Hacker News new | ask | show | jobs
by schulz 5722 days ago
The difference is that digg has network information (IE: Followers). Stack overflow doesn't.

Think through the ramifications of each of these page flows:

1. Give me this question and everybody who commented on it.

2. Give me every post that this user is following has made over the last n days.

That's why.

2 comments

I think this is exactly it. You can't compare a comment thread on Digg to a Question on SO.
That would increase the load on the database. Why does that increase the load on the webservers?
It depends how you approach the problem. I'm guessing here, from my own experience implementing social graph features, but here goes:

There are a couple of ways you can go about this, the first is the database: Join the network of people against the land of content and bring it back. This doesn't work (as an aside this is what people mean when they say web scale, it has nothing to do with web traffic, it's social graphs) your database will cry.
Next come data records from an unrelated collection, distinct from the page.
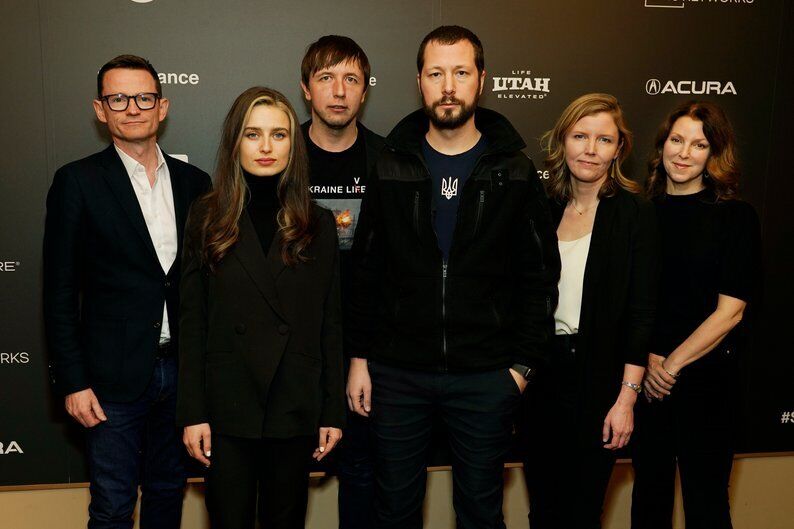Pokaz filmu ''20 dni w Mariupolu'' został odwołany w Serbii: w filmie znaleziono ''antyrosyjską propagandę''. Szczegóły skandalu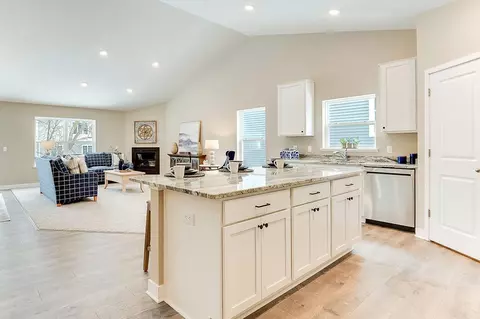 5114 Mustang Cir, Woodbury, MN 55129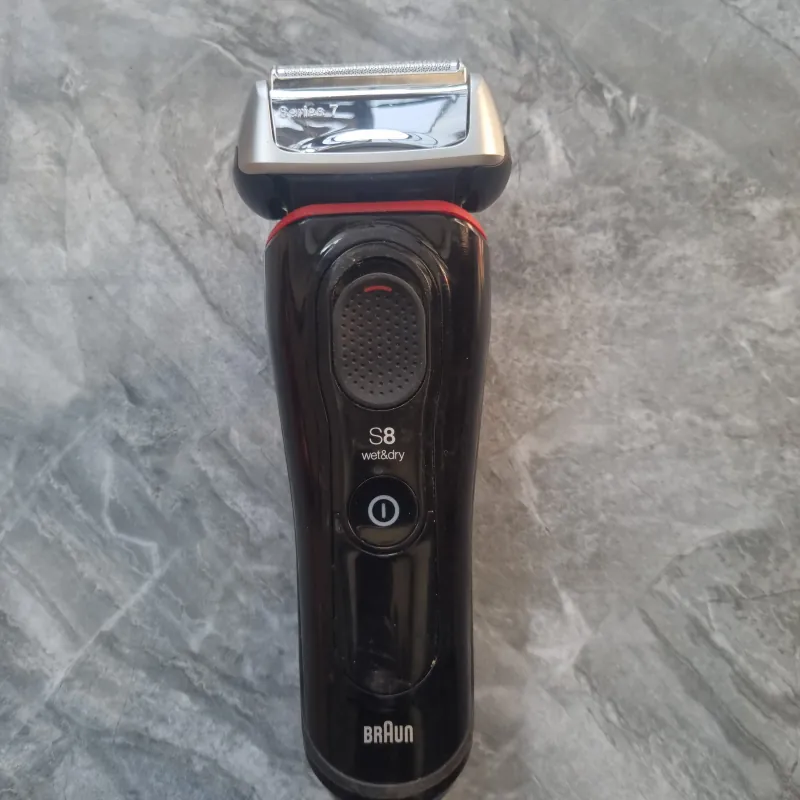 Máy cạo râu Braun sirees S8 791136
All though not at first, in development it works fine, and you feel fine, and for a while you're ok, but you start growing....

Another way you can go about it is by denormalizing. In this world you store a pointer to each content item for each user. So anytime I do something all the people [following|watch|connected|friended] to me get a record indicating I did this. This works, but now you have lots of data (lots and lots of data!) spread all crazy around. You need some kind of system to push that data out to everybody. It's those last two that drive up your hardware usage, it's not necessarily web boxes, but it's boxes in the background broadcasting the events out to the world, and the datastores to hold it all. Depending on how your web code works you could also have a lot of overhead on the webservers putting all that stuff together.

My experience here comes from building the social features into toolbox.com. A good example is this page http://it.toolbox.com/people/george_krautzel/posts-connectio... That's all the posts from users connected to our CEO (all 750k of them). Getting that to return in near real time is super fun (and you can probably tell that I went down the DB join path before it all fell apart).